◆ TASK PROMPT ◆
Each record must be output exactly and in full.

(Extracted data entries)
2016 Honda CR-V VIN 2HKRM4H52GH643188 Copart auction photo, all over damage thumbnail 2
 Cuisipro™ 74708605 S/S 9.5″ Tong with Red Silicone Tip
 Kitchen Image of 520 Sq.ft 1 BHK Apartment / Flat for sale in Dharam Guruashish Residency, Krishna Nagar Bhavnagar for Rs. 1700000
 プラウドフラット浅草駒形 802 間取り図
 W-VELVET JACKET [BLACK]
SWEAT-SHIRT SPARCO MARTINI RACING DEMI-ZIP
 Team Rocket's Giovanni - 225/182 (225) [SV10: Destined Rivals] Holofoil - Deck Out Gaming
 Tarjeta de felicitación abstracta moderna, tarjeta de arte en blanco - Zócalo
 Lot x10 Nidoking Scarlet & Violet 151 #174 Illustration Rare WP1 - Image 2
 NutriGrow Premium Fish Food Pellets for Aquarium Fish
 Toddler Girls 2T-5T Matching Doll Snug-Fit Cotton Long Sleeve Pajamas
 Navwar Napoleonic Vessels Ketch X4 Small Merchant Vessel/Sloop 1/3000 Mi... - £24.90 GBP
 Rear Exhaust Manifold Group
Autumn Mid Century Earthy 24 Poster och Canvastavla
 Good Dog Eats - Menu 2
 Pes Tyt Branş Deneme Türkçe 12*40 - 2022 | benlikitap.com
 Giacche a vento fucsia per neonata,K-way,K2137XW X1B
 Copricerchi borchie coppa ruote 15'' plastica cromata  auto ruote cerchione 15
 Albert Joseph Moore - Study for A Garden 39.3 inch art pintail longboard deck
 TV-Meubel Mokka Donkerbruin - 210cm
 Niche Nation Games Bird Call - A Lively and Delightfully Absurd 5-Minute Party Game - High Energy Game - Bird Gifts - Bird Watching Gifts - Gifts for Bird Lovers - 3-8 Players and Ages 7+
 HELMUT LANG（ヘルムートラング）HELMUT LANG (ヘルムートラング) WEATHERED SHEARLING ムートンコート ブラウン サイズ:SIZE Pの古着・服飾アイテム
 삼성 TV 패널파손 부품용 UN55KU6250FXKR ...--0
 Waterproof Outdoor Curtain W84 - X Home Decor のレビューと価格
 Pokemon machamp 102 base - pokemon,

◆ WRITTEN REPLY ◆
2016 Honda CR-V VIN 2HKRM4H52GH643188 Copart auction photo, all over damage thumbnail 2
 Cuisipro™ 74708605 S/S 9.5″ Tong with Red Silicone Tip
 Kitchen Image of 520 Sq.ft 1 BHK Apartment / Flat for sale in Dharam Guruashish Residency, Krishna Nagar Bhavnagar for Rs. 1700000
 プラウドフラット浅草駒形 802 間取り図
 W-VELVET JACKET [BLACK]
SWEAT-SHIRT SPARCO MARTINI RACING DEMI-ZIP
 Team Rocket's Giovanni - 225/182 (225) [SV10: Destined Rivals] Holofoil - Deck Out Gaming
 Tarjeta de felicitación abstracta moderna, tarjeta de arte en blanco - Zócalo
 Lot x10 Nidoking Scarlet & Violet 151 #174 Illustration Rare WP1 - Image 2
 NutriGrow Premium Fish Food Pellets for Aquarium Fish
 Toddler Girls 2T-5T Matching Doll Snug-Fit Cotton Long Sleeve Pajamas
 Navwar Napoleonic Vessels Ketch X4 Small Merchant Vessel/Sloop 1/3000 Mi... - £24.90 GBP
 Rear Exhaust Manifold Group
Autumn Mid Century Earthy 24 Poster och Canvastavla
 Good Dog Eats - Menu 2
 Pes Tyt Branş Deneme Türkçe 12*40 - 2022 | benlikitap.com
 Giacche a vento fucsia per neonata,K-way,K2137XW X1B
 Copricerchi borchie coppa ruote 15'' plastica cromata  auto ruote cerchione 15
 Albert Joseph Moore - Study for A Garden 39.3 inch art pintail longboard deck
 TV-Meubel Mokka Donkerbruin - 210cm
 Niche Nation Games Bird Call - A Lively and Delightfully Absurd 5-Minute Party Game - High Energy Game - Bird Gifts - Bird Watching Gifts - Gifts for Bird Lovers - 3-8 Players and Ages 7+
 HELMUT LANG（ヘルムートラング）HELMUT LANG (ヘルムートラング) WEATHERED SHEARLING ムートンコート ブラウン サイズ:SIZE Pの古着・服飾アイテム
 삼성 TV 패널파손 부품용 UN55KU6250FXKR ...--0
 Waterproof Outdoor Curtain W84 - X Home Decor のレビューと価格
 Pokemon machamp 102 base - pokemon,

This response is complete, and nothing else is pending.